Aos cinco anos, enquanto se aventurava pelos mangues com seus melhores amigos, descobriu trazer dentro de si algo que o diferenciava dos companheiros.

— Vamos Krolle, sei que você consegue escalar a árvore —provocou Linus.

— Não consigo mais do que isso — resmungou Krolle se agarrando com força ao tronco enquanto sua calda balançava no ar — Já estou sem forças!

O pequeno menino desceu e encarou os amigos.

— Deixa comigo então, eu pegarei a bola — falou Jaquie —Todos sabem que as lagartas são mais fortes e flexíveis — disse enquanto fazia cara de deboche e começava a escalada.

Como já era esperado, Jaquie subiu com enorme facilidade. Alcançou os galhos mais baixos e em pouco tempo já estava próxima à copa da árvore driblando as áreas apodrecidas da madeira. Após recuperar a bola presa, ela se pôs a descer. Os garotos que assistiam a façanha da amiga, torciam e gritavam dizendo o quão incrível ela era. Confiante em suas habilidades e sendo levada pelos elogios, a garota descia cada vez mais rápido, sem nem mesmo conferir sua segurança.

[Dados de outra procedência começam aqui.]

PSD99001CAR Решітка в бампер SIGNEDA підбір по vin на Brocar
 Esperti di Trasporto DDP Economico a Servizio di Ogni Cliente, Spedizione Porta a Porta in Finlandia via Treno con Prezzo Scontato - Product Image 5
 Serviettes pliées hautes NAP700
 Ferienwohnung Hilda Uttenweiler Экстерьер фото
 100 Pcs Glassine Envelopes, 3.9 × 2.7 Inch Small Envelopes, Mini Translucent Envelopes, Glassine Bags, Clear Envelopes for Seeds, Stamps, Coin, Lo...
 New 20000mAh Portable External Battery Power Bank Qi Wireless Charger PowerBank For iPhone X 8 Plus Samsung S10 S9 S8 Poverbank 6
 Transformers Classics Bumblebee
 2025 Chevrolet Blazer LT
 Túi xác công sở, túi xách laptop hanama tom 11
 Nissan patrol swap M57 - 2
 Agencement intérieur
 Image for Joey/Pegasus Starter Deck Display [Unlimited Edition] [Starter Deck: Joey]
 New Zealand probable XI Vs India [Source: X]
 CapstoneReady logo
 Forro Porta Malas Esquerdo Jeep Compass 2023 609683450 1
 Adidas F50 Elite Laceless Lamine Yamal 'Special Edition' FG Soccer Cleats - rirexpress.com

O som de um estalo agudo emudeceu os meninos quando viram a crocodila despencar. Krolle correu para socorrer Jaquie que chorava de dor ante o corte profundo que ameaçava partir sua cauda. Linus entrou em desespero ao ver o sangue azulado escorrer.

— Linus, se acalme por favor, assim você só vai piorar a situação — gritou Krolle.

— O que eu faço? Você sabe que se ela perder a cauda vai se tornar uma pária — falou choramingando.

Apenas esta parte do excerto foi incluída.